## WORK INSTRUCTIONS
Word for word, restate the lines of the listing below from the line with "ETNOPSIXOLOYANINHG PRЕDMЕTIVA VAZIFALARI" through the line with "LE MYSTÈRE DE", and do not include the pictures.

## RECORDS FOR PROCESSING
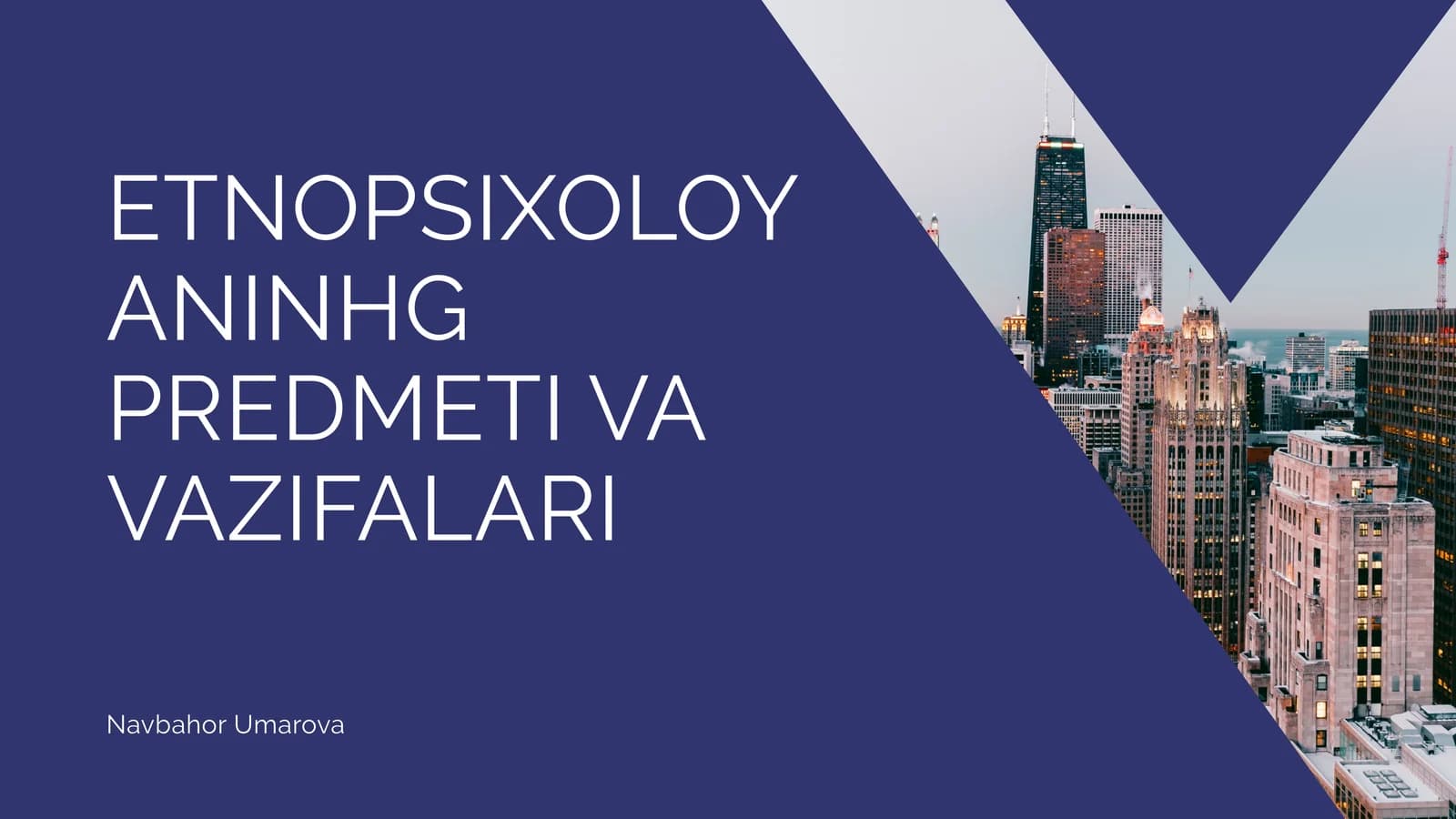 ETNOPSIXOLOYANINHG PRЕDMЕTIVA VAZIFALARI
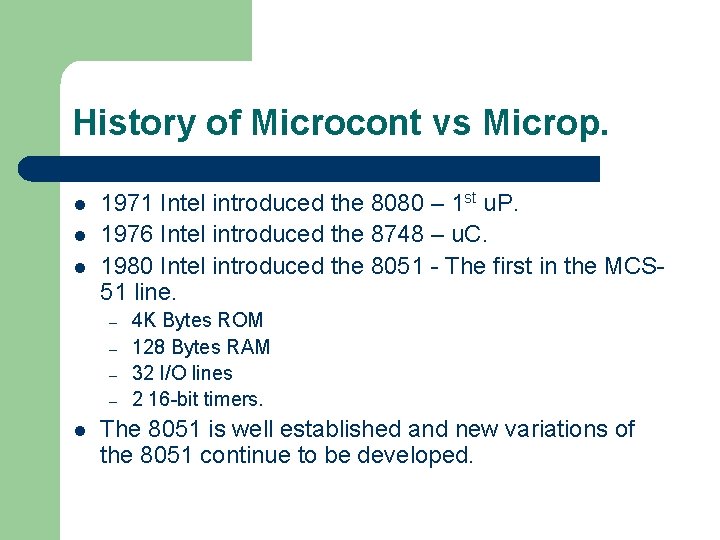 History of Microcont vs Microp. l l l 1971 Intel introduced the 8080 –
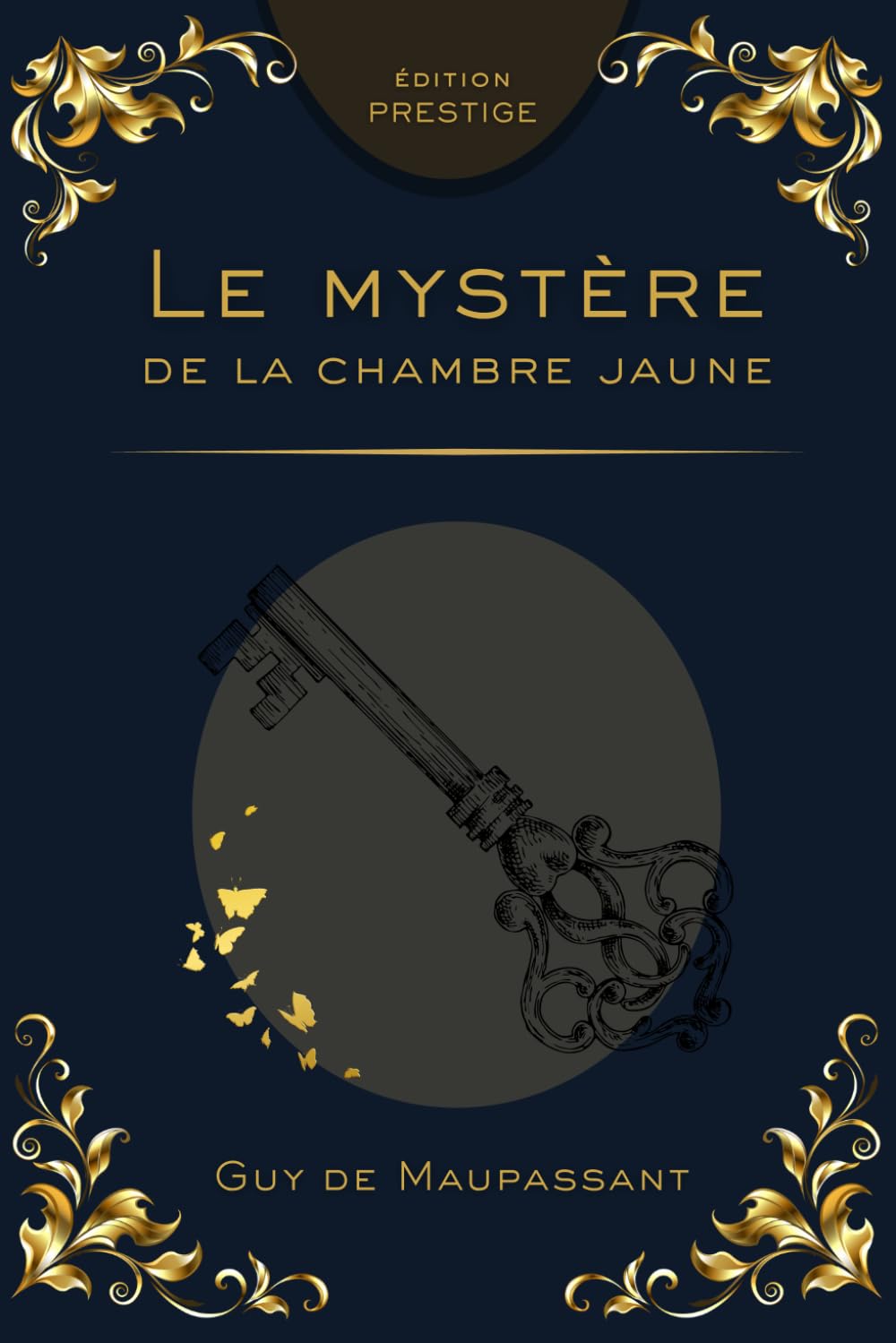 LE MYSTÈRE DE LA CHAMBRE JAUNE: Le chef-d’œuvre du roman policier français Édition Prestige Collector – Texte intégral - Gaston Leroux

--

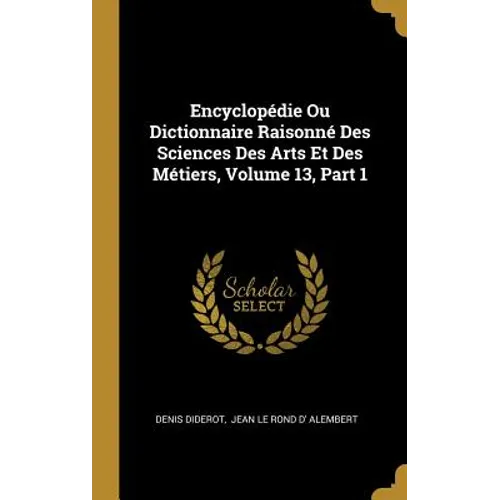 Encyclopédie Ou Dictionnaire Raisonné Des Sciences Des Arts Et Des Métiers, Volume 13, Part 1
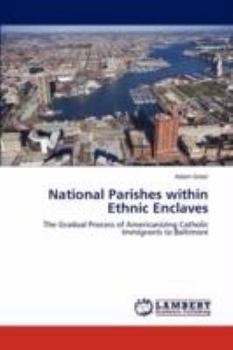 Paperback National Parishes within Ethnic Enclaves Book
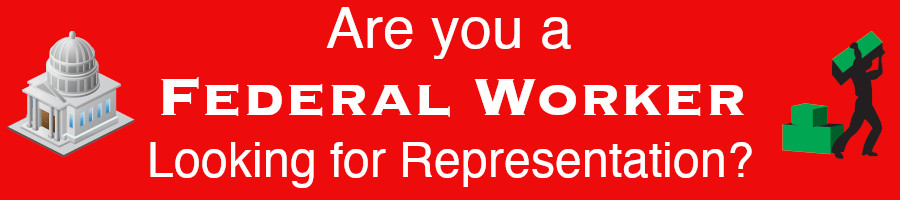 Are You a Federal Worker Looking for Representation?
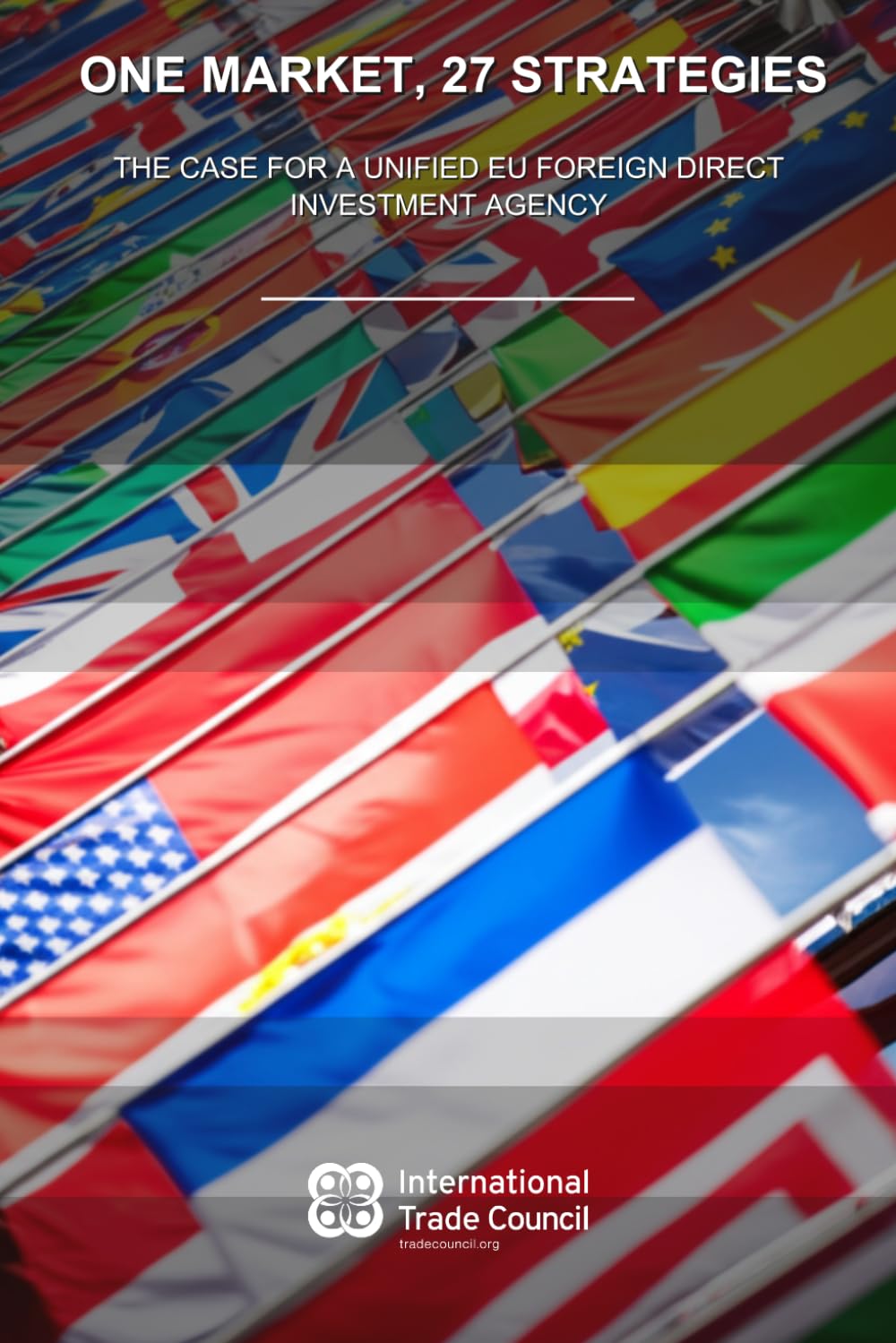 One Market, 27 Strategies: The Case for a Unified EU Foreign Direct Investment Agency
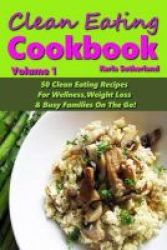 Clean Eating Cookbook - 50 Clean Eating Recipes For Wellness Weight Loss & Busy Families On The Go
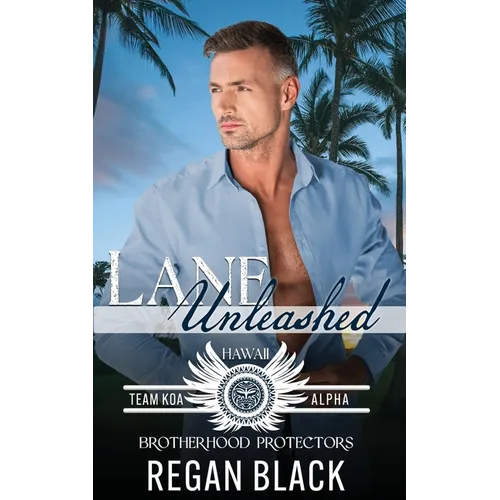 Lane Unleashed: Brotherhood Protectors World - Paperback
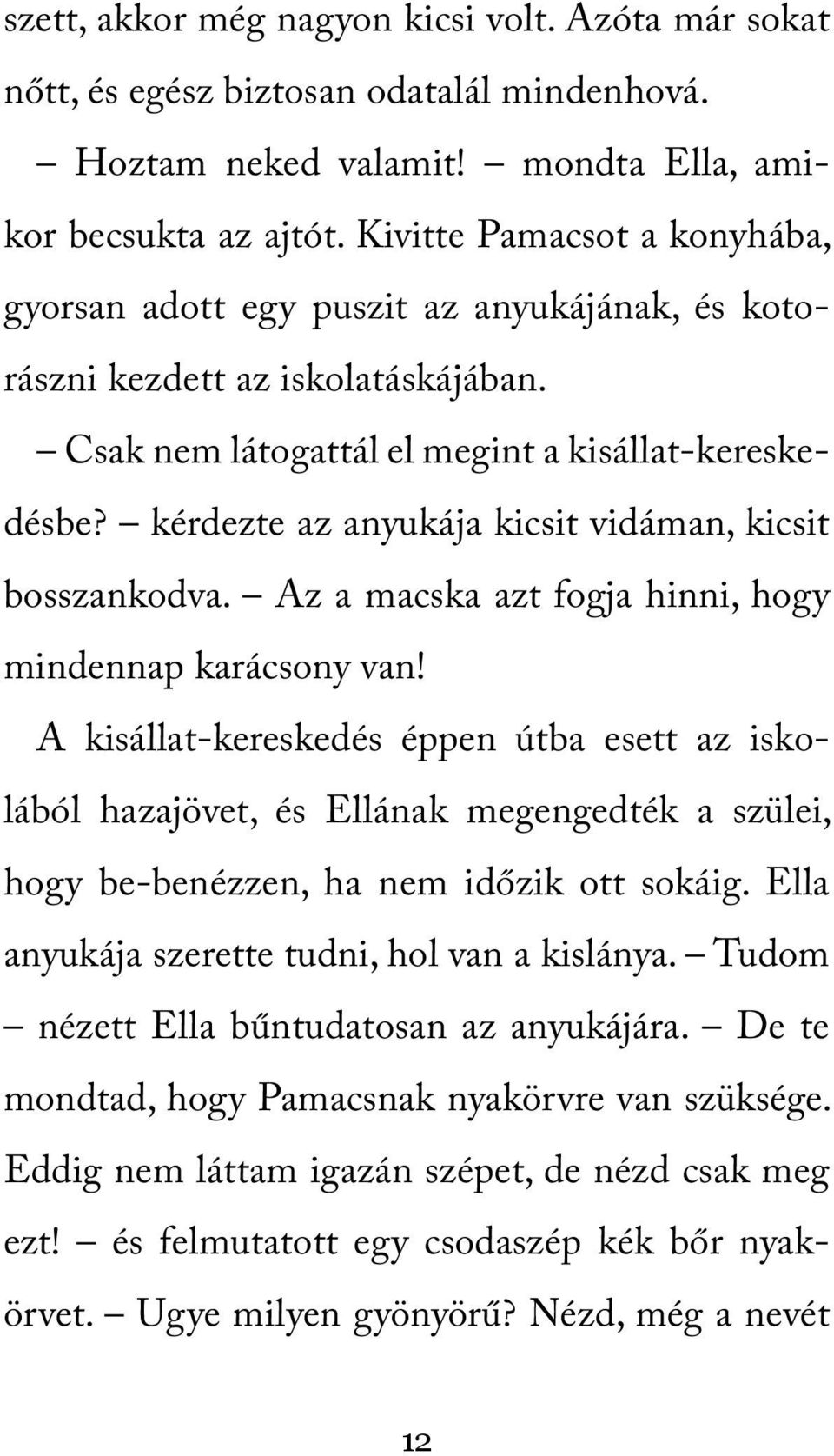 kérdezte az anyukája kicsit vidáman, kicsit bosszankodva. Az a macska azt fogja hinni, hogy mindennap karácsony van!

---

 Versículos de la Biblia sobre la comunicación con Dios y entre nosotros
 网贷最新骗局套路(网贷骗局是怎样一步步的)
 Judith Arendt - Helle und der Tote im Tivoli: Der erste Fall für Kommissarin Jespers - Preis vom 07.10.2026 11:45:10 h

## ANSWER TO THIS TASK
 ETNOPSIXOLOYANINHG PRЕDMЕTIVA VAZIFALARI
 History of Microcont vs Microp. l l l 1971 Intel introduced the 8080 –
 LE MYSTÈRE DE LA CHAMBRE JAUNE: Le chef-d’œuvre du roman policier français Édition Prestige Collector – Texte intégral - Gaston Leroux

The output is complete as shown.